What is the expected output? What do you see instead?

if i have a table like this

<table>
<thead>
<tr>
<th>id</th>
<th>first name </th>
<th>last name </th>
</tr>
</thead>

<tbody>
<tr>
<td class="id">1</td>
<td class="fname">sarmen</td>
<td class="lname">mikey</td>
</tr>

<tr>
<td class="id">2</td>
<td class="fname">john</td>
<td class="lname">angelo</td>
</tr>

<tr>
<td class="id">3</td>
<td class="fname">sarmen</td>
<td class="lname">grande</td>
</tr>
</tbody>
</table>

and my js looked something like this

$("td.fname").editInPlace({
    url: 'ajax.php',
    params: '',
    show_buttons: true          
});

then lets say i click on the first record to edit it which is fname of sarmen. 
how can i pass a param that only accociates id 1 ? because if i do a query of 
lets say "update tbl_users set fname = '$_POST['update_value']' where fname = 
'$_POST['original_html']'"

(note: im just showing an example so no need to clean posts if that was 
bothering you :)   )

if i run this query the fname of sarmen will update in two records rather than 
one. How can i only update to id of 1 being to update only one record. 

What version of the product are you using? On what operating system? 2.2.0 on 
mac snow leopard

Please provide any additional information below.

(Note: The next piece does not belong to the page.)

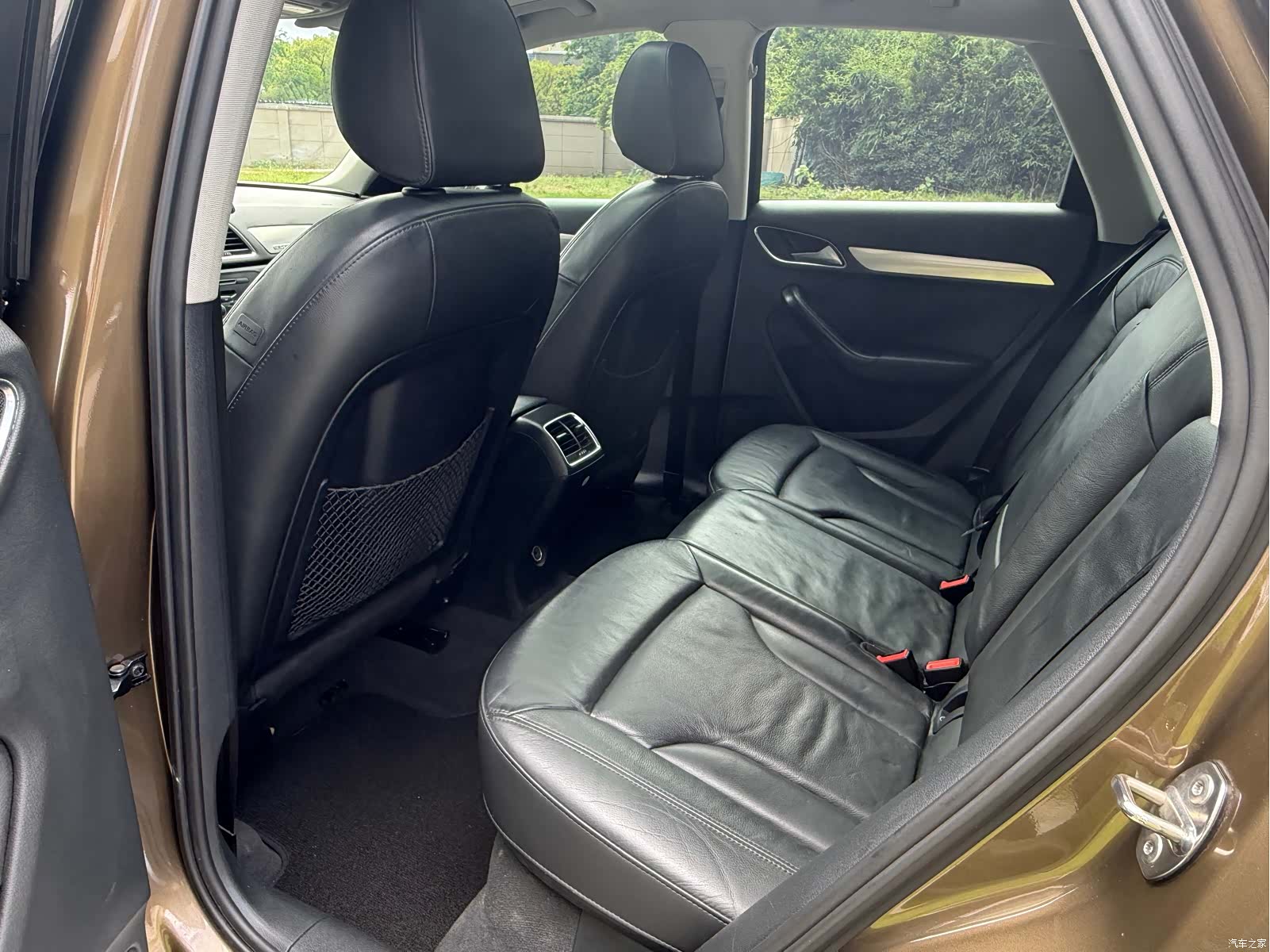 Audi Q3, 2014 14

Original issue reported on code.google.com by sarme...@gmail.com on 10 Jan 2011 at 12:11

GoogleCodeExporter commented 9 years ago
i found the solution. for anyone wanted to know as well its a matter of 
modifying your code.

http://stackoverflow.com/questions/4646967/how-to-add-a-dynamic-param

Original comment by sarme...@gmail.com on 10 Jan 2011 at 7:51

GoogleCodeExporter commented 9 years ago
[deleted comment]
GoogleCodeExporter commented 9 years ago
if i am displaying the records from the database, so how can i access the value 
of that variable.

i am using this 

params: "name=<?php echo $row[2];?>",

but its not working. :(

Original comment by asifqua@gmail.com on 12 Jan 2011 at 8:52

GoogleCodeExporter commented 9 years ago
if you use the jquery code in the same php page, then it works. 
here is the the sample code.

$("#Company_Name").editInPlace({
        url: 'server.php',
        bg_out: '#21281D',
        show_buttons: true,
        params: "name=<?php echo $row[3]; ?>",
        saving_image: "images/loader.gif"

    });

Original comment by asifqua@gmail.com on 12 Jan 2011 at 9:43